At least two hundred poor beggars were counted sleeping out on the pavements of the main streets of Sydney the other night – grotesque bundles of rags lying under the verandahs of the old Fruit Markets and York-street shops, with their heads to the wall and their feet to the gutter.

‘Dossing Out’ and ‘Camping’, Henry Lawson, 1896

The economic recession and strikes of the early 1890s forced a lot of Australia’s country people off the land and into urban areas, only to find there were no jobs there either. ‘Dossing Out’ and ‘Camping’ is a short story that paints a clear picture of the poverty of poor beggars who had been sleeping in the park but were driven out by rain, onto the streets, under the verandahs.

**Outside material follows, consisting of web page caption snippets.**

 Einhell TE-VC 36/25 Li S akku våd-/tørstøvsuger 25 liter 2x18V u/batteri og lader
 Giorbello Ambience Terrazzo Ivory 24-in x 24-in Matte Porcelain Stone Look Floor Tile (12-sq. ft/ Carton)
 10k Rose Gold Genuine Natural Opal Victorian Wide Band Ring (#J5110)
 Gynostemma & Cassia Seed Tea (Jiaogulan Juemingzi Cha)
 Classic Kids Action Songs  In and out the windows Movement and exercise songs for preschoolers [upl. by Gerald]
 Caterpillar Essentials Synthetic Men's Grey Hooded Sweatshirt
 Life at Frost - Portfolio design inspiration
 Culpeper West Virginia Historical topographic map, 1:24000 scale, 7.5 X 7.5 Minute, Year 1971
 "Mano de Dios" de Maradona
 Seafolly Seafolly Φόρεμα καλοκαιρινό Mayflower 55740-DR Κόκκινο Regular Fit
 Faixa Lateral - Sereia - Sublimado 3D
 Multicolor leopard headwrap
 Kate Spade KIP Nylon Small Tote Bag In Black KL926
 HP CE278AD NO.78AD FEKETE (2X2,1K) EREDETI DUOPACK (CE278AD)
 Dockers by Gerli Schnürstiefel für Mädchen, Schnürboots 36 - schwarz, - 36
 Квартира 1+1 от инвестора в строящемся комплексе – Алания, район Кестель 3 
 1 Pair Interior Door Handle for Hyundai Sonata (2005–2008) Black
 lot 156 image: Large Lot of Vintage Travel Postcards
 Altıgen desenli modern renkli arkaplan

The title refers to ‘dossing out’ in the city and ‘camping’ in the bush, two different ways of living with no money. In the bush, Lawson writes, you can light a fire, boil the billy, make tea, catch a sheep and fry a chop, wash your shirt, wash yourself, whistle and sing by the camp fire, breathe fresh air and make poetry.

George Washington Lambert, ‘Sheoak Sam’, 1898

In the city, when you doss out, there’s no possibility of lighting a fire to cook over. And a man is generally too hungry to make poetry.

The story ironically appeared in the collection While the Billy Boils.